You could keep things simple and go for the lowest rate, or you could consider these three things to help make a decision.
Investment vs Owner-Occupied
Whether you live in the property or not can impact on the mortgage rate.
Some banks already charge a small rate premium on investment property, while others are still slow to change. It could pay to lock in a longer-term rate before the rules change.
Banks are being told they will have to hold more capital against investment property, which means within the next two years all banks will likely charge more on mortgages for investment property. That is why fixing longer-term becomes increasingly attractive as mortgage rates bottom out.
Choosing a longer-term fixed rate can also be helpful to forward plan cashflow. By having your investment mortgage on a longer term, you'll be able to predict your surplus personal disposable income.
When it comes to owner occupied homes, fixing at a lower rate on a shorter term is a common choice. This gives borrowers more flexibility to make changes to repayments and make lump-sum payments without incurring fees. Short-term rates tend to be a lower cost if you can handle the risk of higher rates in the future.
Appetite for risk
Your appetite for risk reflects how prepared you need to be if things don't go as planned. The biggest risk for owner-occupied borrowers is loss of income, health related issues and mortgage rates increasing.

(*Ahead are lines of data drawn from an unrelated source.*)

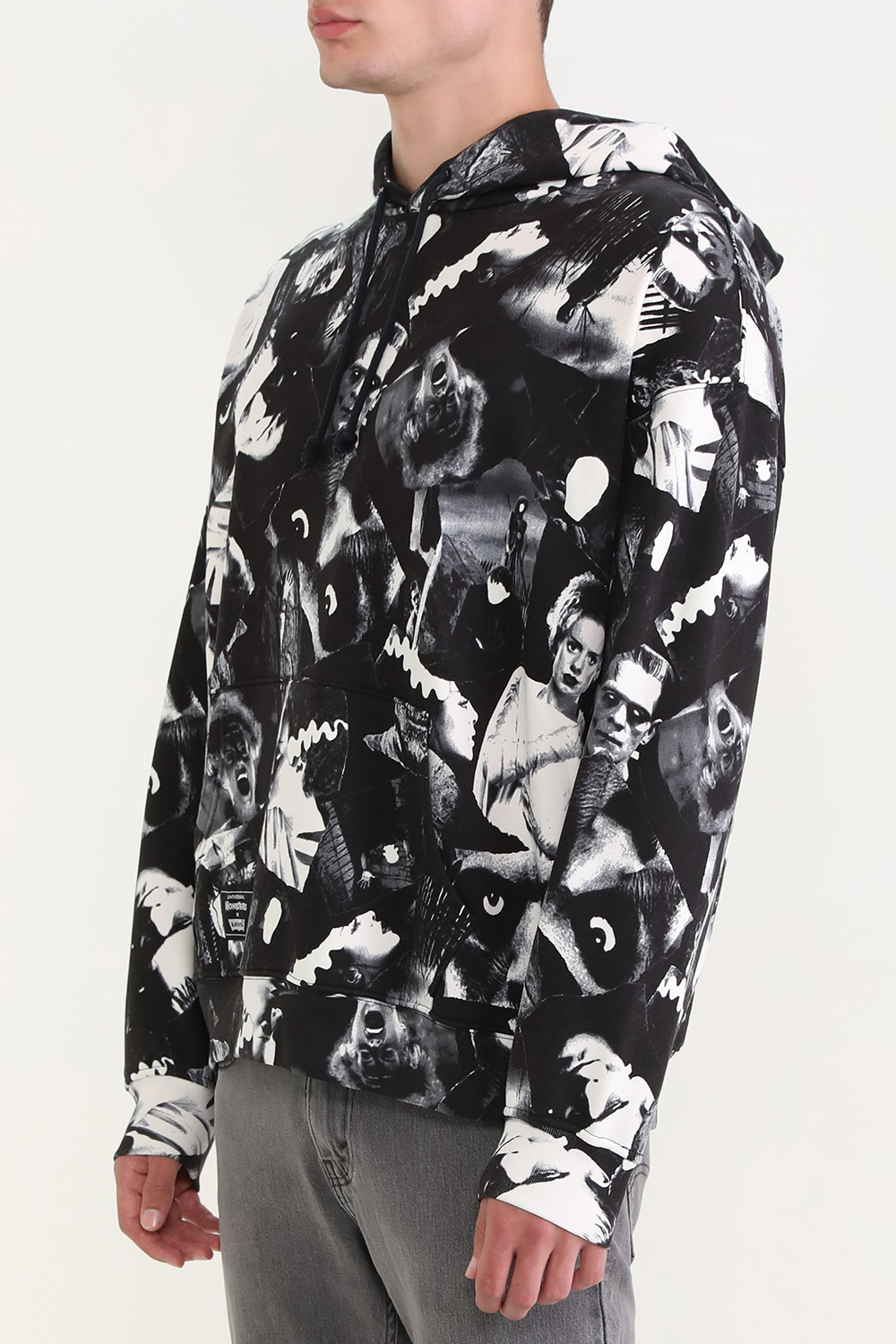 תמונת דוגמן קידמית של ליוייס X מפלצות יוניברסל סווטשירט קפוצ'ון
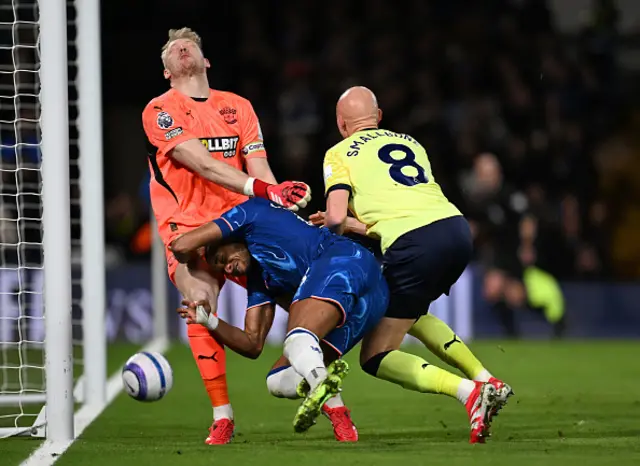 Christopher Nkunku of Chelsea scores his team's first goal past Aaron Ramsdale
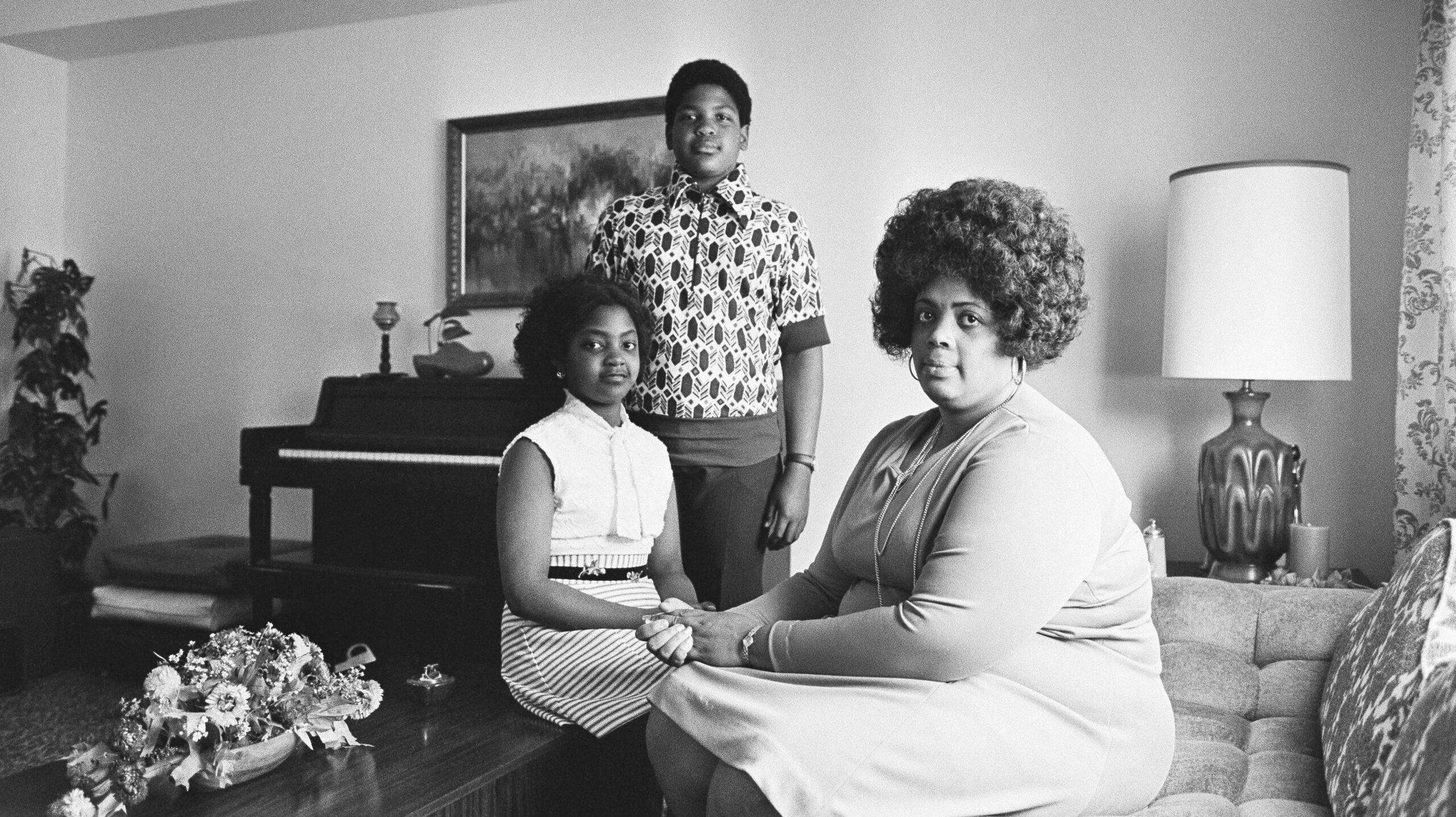 In this April 30, 1974, file photo, Linda Brown, right, and her two children pose for a photo in their home in Topeka, Kan. Brown, the Kansas girl at the center of the 1954 U.S. Supreme Court ruling that struck down racial segregation in schools, has died at age 75. Peaceful Rest Funeral Chapel of Topeka confirmed that Linda Brown died Sunday, March 25, 2018. - Associated Press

When it comes to mortgage rates, the external reference point is the Official Cash Rate (OCR) which is set by the Reserve Bank. The OCR gets a lot of commentary when it changes, and that includes a forecast of future changes.
The OCR will affect short-term mortgage rates. One-year and two-year fixed mortgage rates will typically drop before an OCR change, in anticipation of that change.
It would be unusual for the rates to fall after an OCR change, unless there is another expected change in the future. If interest rates are predicted to fall further than expected, then mortgage rates will adjust further downward.
Over an interest rate cycle, one-year to two-year fixed terms are typically the lowest cost options. If you don’t mind your repayments changing and take a longer-term view, then fixing for a shorter term is the simplest strategy. On the other hand, longer-term rates will give you peace of mind. What is right for you will depend on your situation.
If your income is on the rise, then a rate change is unlikely to worry you. If you are about to start a family, firming up your budget and knowing your costs over the next four to five years will be critical.
Moving from a corporate role into self-employment is a big shift. Similarly, starting a family and dropping to one income can be nerve-wracking. The same goes for downsizing your job as you head into retirement. These are all considerable changes that may require you to think about your mortgage.
There are also factors to consider about the property. Will you sell it in the next five years? Maybe you’re thinking of upgrading, downgrading or even changing location. If there’s a possibility that you might sell, then opting for a short-term rate makes sense.
If you’re taking a leap of faith into the unknown, then fixing longer-term gives you some certainty and that can be a good thing.
Everyone has different needs
Picking a mortgage rate isn’t a win/lose situation like gambling. When making the decision, it’s best to think about what your plans are and what you actually need. You are most likely going to have a mortgage for thirty years. Sometimes you will get on the right side of rate changes and sometimes you won’t. If you’re concerned about your affordability or rates increasing, then fix for longer. Otherwise, keep it short term and fix for two-years along with approximately 60 percent of our population.